_Your task_: Once you find the line containing "Winter Trees, teal" in the data below, copy it and each following line exactly, up to and including the line containing "Cover image for book Sea Turtles", and nothing else.

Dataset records
************

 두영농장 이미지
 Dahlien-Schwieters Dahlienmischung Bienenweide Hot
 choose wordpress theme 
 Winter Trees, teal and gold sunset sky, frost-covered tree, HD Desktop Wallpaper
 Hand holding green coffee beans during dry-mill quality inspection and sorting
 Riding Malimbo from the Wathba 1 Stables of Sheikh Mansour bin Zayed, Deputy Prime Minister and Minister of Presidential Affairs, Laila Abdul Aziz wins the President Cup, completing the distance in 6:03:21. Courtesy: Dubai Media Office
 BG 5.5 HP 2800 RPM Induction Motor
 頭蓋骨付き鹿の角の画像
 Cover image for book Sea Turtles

************

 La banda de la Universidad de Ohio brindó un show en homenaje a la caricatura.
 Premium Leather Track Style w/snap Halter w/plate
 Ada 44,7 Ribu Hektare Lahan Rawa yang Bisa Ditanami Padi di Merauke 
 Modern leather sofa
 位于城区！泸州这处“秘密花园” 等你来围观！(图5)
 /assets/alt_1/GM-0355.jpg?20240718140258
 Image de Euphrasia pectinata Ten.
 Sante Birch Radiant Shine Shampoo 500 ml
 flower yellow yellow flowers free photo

************

_Response_:
 Winter Trees, teal and gold sunset sky, frost-covered tree, HD Desktop Wallpaper
 Hand holding green coffee beans during dry-mill quality inspection and sorting
 Riding Malimbo from the Wathba 1 Stables of Sheikh Mansour bin Zayed, Deputy Prime Minister and Minister of Presidential Affairs, Laila Abdul Aziz wins the President Cup, completing the distance in 6:03:21. Courtesy: Dubai Media Office
 BG 5.5 HP 2800 RPM Induction Motor
 頭蓋骨付き鹿の角の画像
 Cover image for book Sea Turtles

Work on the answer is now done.